**Goal of the exercise**
Because the copy must hold no pictures, return the data below with all of its words intact.

== == ==

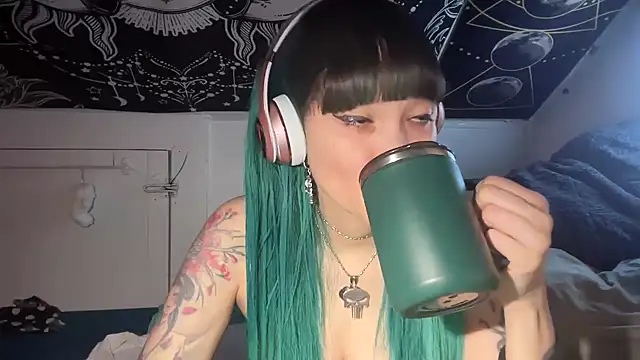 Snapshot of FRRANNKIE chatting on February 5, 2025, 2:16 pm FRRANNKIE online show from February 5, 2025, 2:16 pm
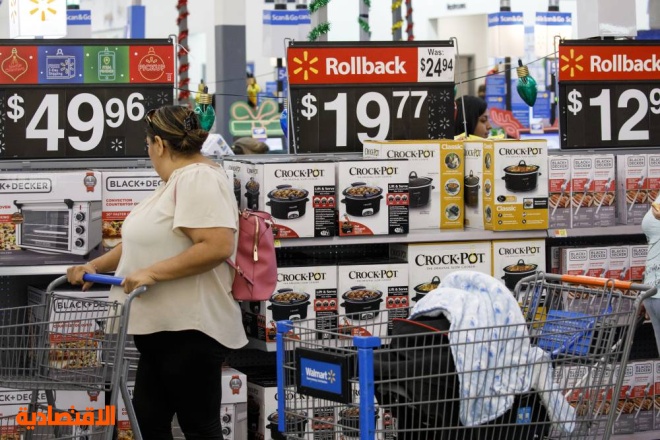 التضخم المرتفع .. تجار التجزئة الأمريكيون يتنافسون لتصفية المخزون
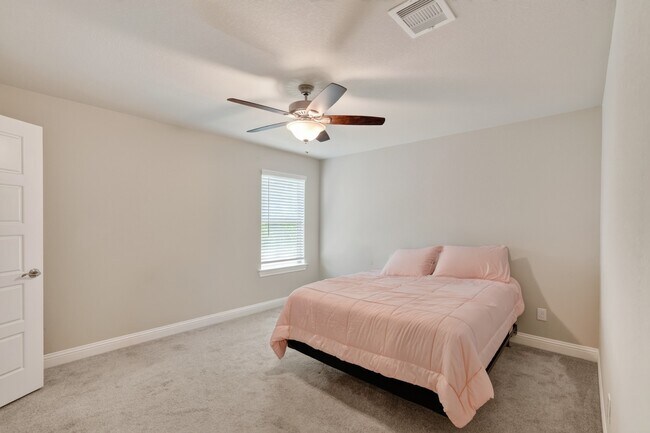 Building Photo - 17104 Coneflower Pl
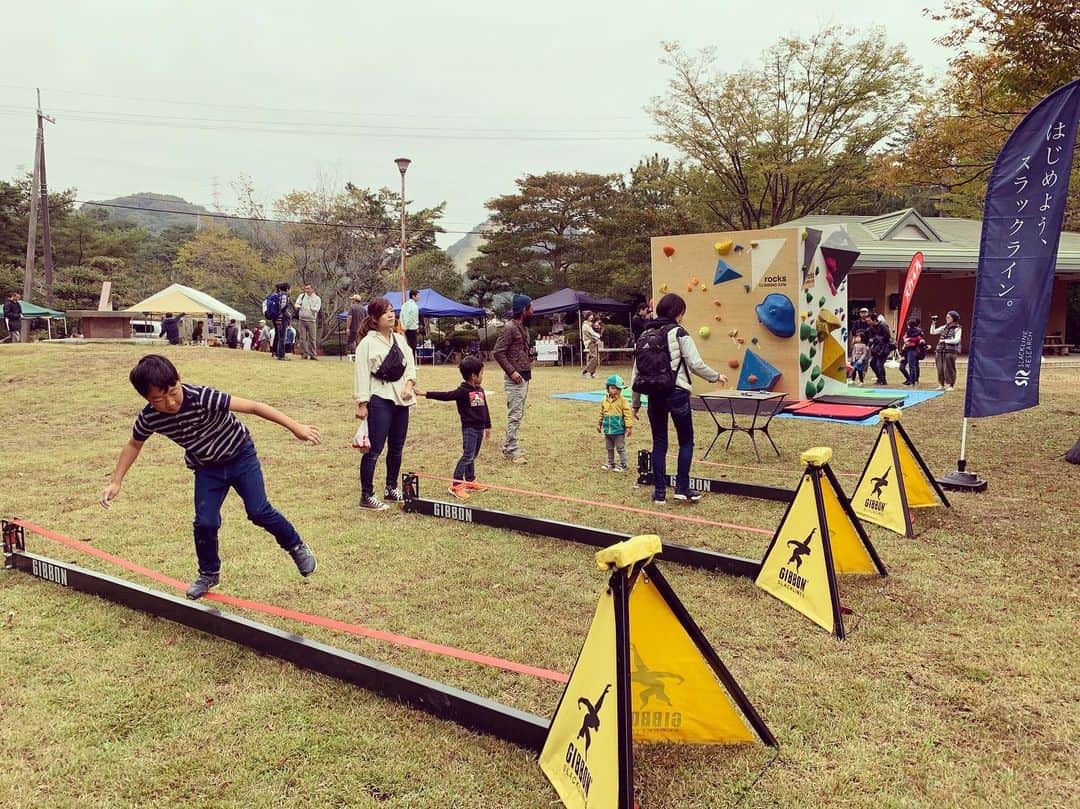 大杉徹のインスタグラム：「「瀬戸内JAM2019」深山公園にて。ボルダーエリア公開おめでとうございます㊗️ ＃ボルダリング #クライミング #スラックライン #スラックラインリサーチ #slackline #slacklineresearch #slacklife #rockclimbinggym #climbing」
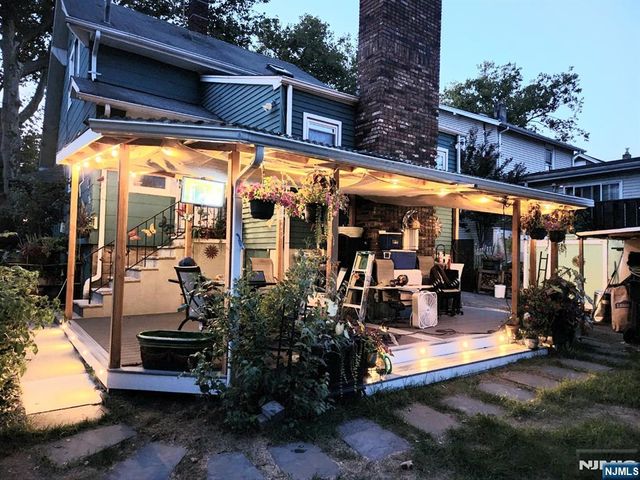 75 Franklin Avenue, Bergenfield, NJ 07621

== == ==

**Result of the task**
 Snapshot of FRRANNKIE chatting on February 5, 2025, 2:16 pm FRRANNKIE online show from February 5, 2025, 2:16 pm
 التضخم المرتفع .. تجار التجزئة الأمريكيون يتنافسون لتصفية المخزون
 Building Photo - 17104 Coneflower Pl
 大杉徹のインスタグラム：「「瀬戸内JAM2019」深山公園にて。ボルダーエリア公開おめでとうございます㊗️ ＃ボルダリング #クライミング #スラックライン #スラックラインリサーチ #slackline #slacklineresearch #slacklife #rockclimbinggym #climbing」
 75 Franklin Avenue, Bergenfield, NJ 07621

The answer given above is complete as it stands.